TAMPA - Considering Gaither football coach Mark Kantor's suggestion of getting the Bucs secondary and linebacking corps to defend them isn't feasible, how do you beat Plant?
Armwood did earlier this season. But that was quarterback Aaron Murray's first start. Since then, he has set a state record with 51 touchdown passes and led the Panthers to an 11-1 record.
"You have to get pressure on the quarterback, and you've really got to try to do it rushing four," Hillsborough coach Earl Garcia said. "That's what Armwood did real well in the first game, they put pressure on Murray. If they can put pressure on Murray with just four linemen, that's what they'll do all night. If they've got to push one or two linebackers up there to get the pressure, then they're going to be in trouble."
Taking away Murray's targets is another key. Receiver Derek Winter leads the state with 1,582 yards and 18 touchdowns. When Leto played Plant earlier in the season, Coach Hugh Dehnert's plan was to rush three linemen and double cover Winter with his best athlete, cornerback Jeremy Deering, and a safety over the top. Deering, unfortunately was injured early in the game and Plant ended up posting 54 points in the victory.
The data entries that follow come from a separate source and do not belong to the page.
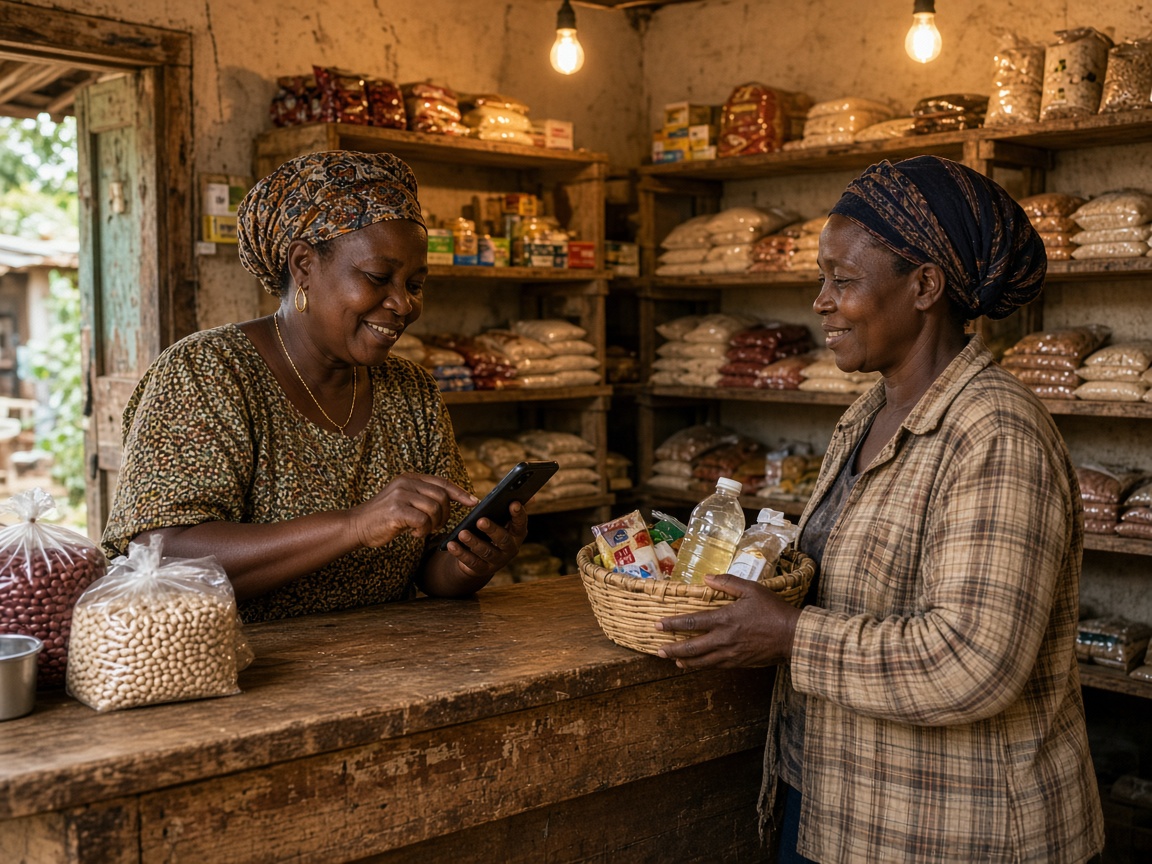 Shopkeeper recording kukopesha credit on a phone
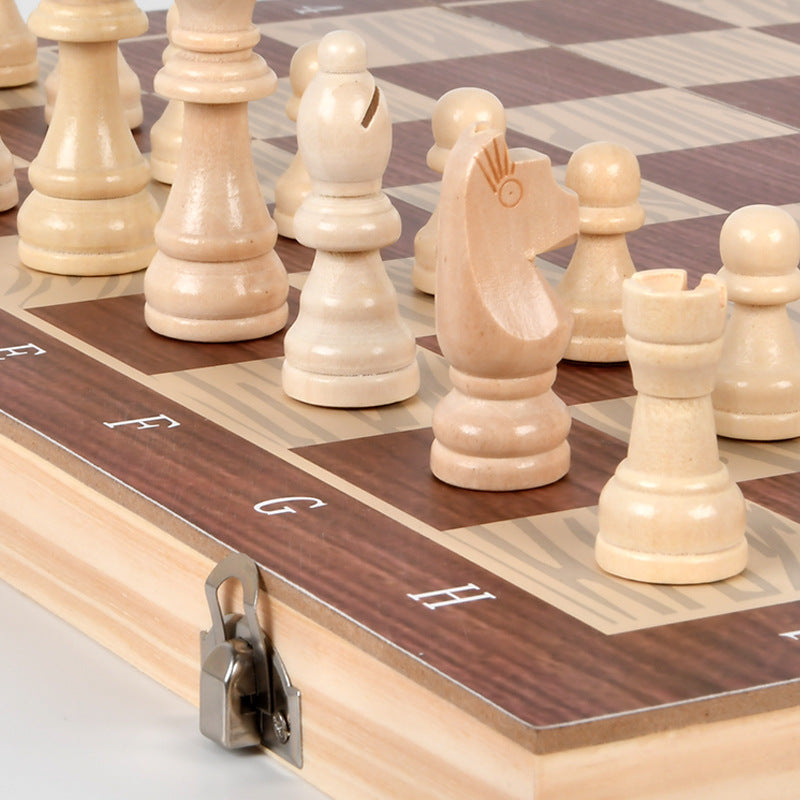 Three-in-One Wooden Chess Checkers Backgammon Board Game Set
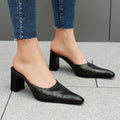 Retro British-style Square-toe High-heeled Outdoor Womens Sandals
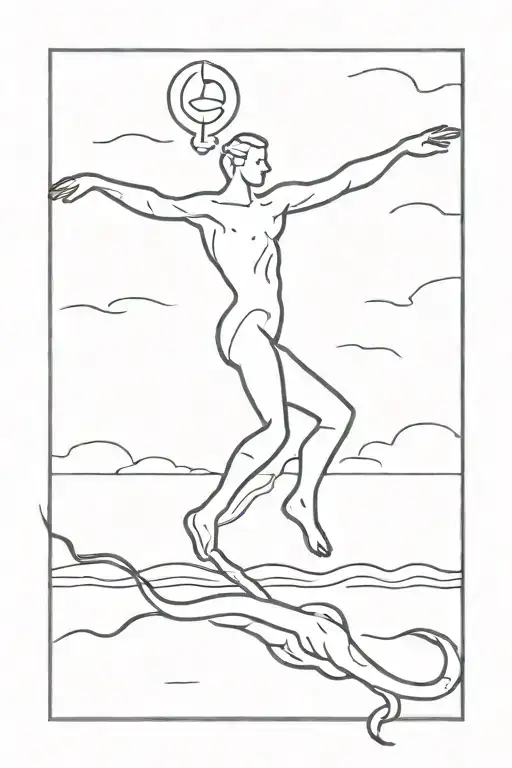 One Line Man Dancing On Anchor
"If you blitz them, they're good enough that you've got to get there quick because Murray gets rid of the football," Dehnert said. "If you're gifted athletically, I would blitz three and drop eight and occasionally bring some other people in and mix up the coverages."
Coach Billy Turner, whose Chamberlain team lost to Plant 29-22, said the best option is playing man-to-man because in a zone defense, "Murray's going to pick you apart."
Turner also said defenses have to play near-perfect football to contain Plant's offense. And a little keep away doesn't hurt either.
"What you better hope to do is score four or five touchdowns and then keep the ball," Turner said.
Of course, Plant could ultimately beat itself with turnovers and costly penalties, but it's been one of the best teams at protecting the ball this year.
"There's always a day that anybody can stop another team," Plant coach Robert Weiner said. "We don't walk around thinking that we can't be stopped. We know that there's work to be done every time we've got to go take the field."